(Records to process)

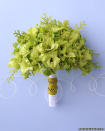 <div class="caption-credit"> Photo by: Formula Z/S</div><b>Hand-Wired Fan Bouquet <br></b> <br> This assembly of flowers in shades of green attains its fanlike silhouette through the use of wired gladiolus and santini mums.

* * *

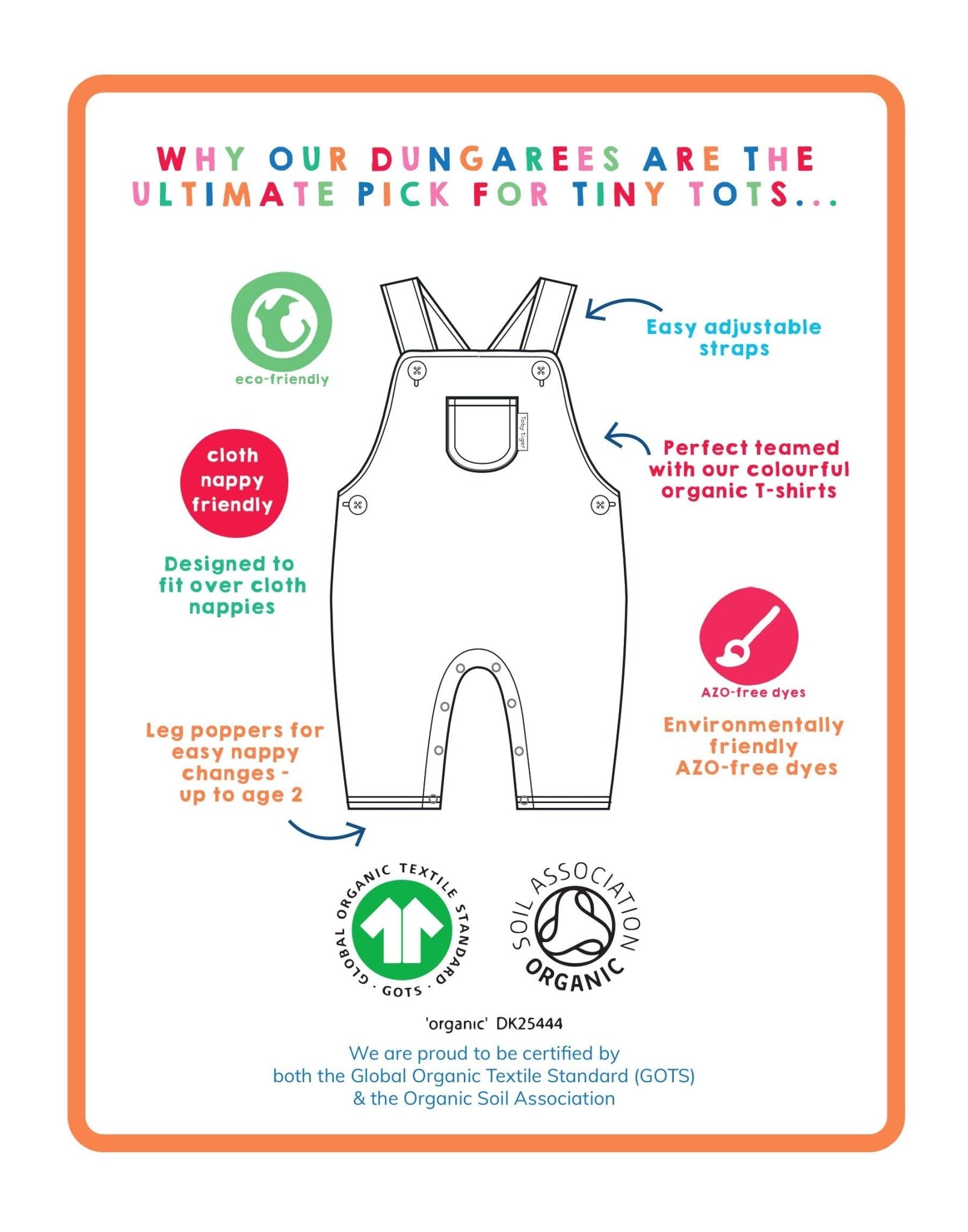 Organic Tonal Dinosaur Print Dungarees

--

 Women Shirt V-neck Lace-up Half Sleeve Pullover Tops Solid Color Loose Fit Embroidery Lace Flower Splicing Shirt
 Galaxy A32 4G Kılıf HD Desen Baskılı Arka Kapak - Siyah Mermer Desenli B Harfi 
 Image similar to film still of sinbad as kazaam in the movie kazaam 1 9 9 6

(What needs to be done) The response should hold exactly the lines starting at the line with "Women Shirt V-neck" and ending at the line with "Image similar to", and no other line of the material above.

(Answer to this task)
 Women Shirt V-neck Lace-up Half Sleeve Pullover Tops Solid Color Loose Fit Embroidery Lace Flower Splicing Shirt
 Galaxy A32 4G Kılıf HD Desen Baskılı Arka Kapak - Siyah Mermer Desenli B Harfi 
 Image similar to film still of sinbad as kazaam in the movie kazaam 1 9 9 6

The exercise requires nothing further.